With frightening reality in mind, do you really need an RFID blocking wallet? Do they even work as advertised? To some extent they may offer a level of protection, however not all of these wallets work as well as others. Testing by Consumer Reports and others have shown that some of the RFID blocking wallets on the market work about as well as wrapping your credit cards in a layer of aluminum foil..but others may have some merit.
It’s also not certain whether the threat of RFID skimming is occurring often enough to truly be a concern for most people. There have been very few reported cases of RFID skimming crimes and for good reason. There are simpler and more effective ways of stealing peoples personal information and money.

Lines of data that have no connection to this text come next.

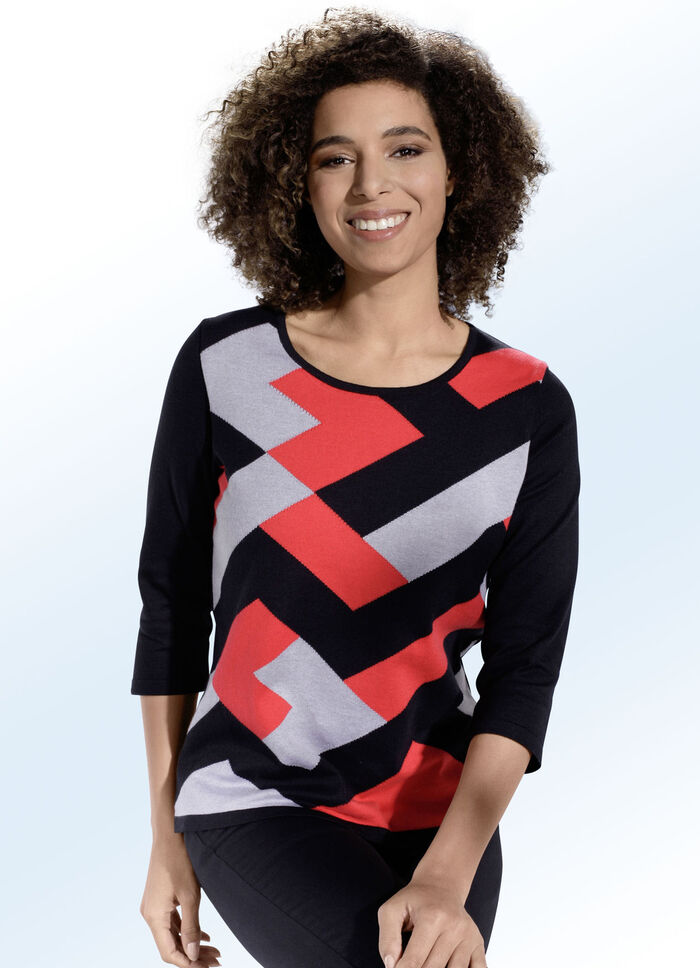 Pullover mit Intarsien-Dessin 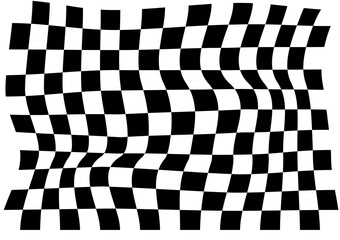 Obraz premium Abstract Wavy Racing Checkered Flag Background Vector. Distorted Black and White Checkerboard Pattern for Graphic Designs, Automotive Banners, and Race Event Covers.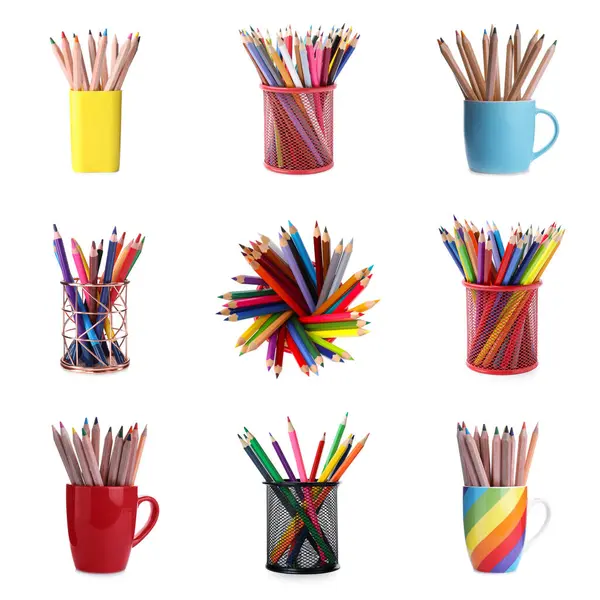 Farklı tutacaklardaki renkli kalemler beyaz, set üzerine izole edilmiş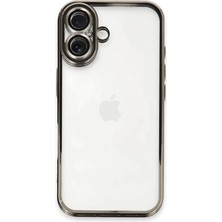 Sylar iPhone 16 Plus Kılıf  Lensli Silikon - Titanyum Gri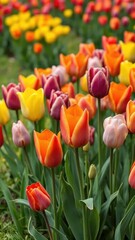 Obraz premium Colorful tulips in full bloom with lush grass, colorful tulips, nature scene, grass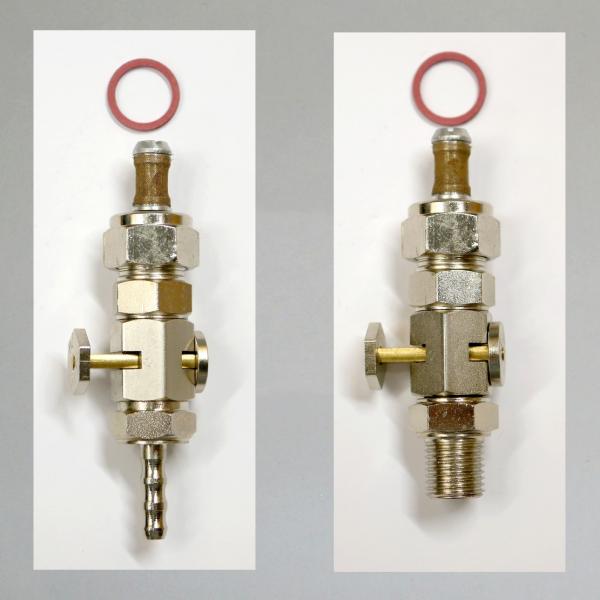 Schiebehahn/ Schiebe-Benzinhahn, 20er/30er Jahre, Gewinde Tankseitig: M16x1 Linksgewinde mit Anschlussmutter an Tank (Tankseitig 16x1 rechts)
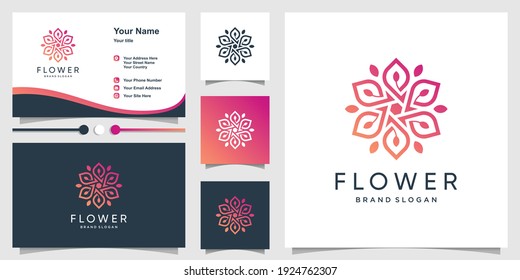 Flower beauty logo template and business card Premium Vector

RFID technology has improved significantly since it’s inception. Early versions would transmit sensitive information unencrypted, including credit card numbers. However, according to the major credit card companies, the latest RFID payment systems are extremely secure and now use full data encryption. Nevertheless, RFID technology may be dying a slow death as card companies begin the transition to cards with EMV chip and PIN technology, which are considerably less susceptible to remote skimming. EMV cards do not transmit a radio frequency signal, so an RFID wallet isn’t going to do much good with these new cards.
Even if you make the switch to all EMV based credit cards, you may still be transmitting an RFID signal from your drivers license or passport. Luckily, the only information anyone is likely to steal is your name and physical address. Even if compromised, this basic information isn’t likely to make you a fraud or identity theft victim. If you fancy yourself as a wannabe James Bond or you’re just a little on the paranoid side, an RFID wallet may be a wise purchase. However, chances are you’ll be ok without one.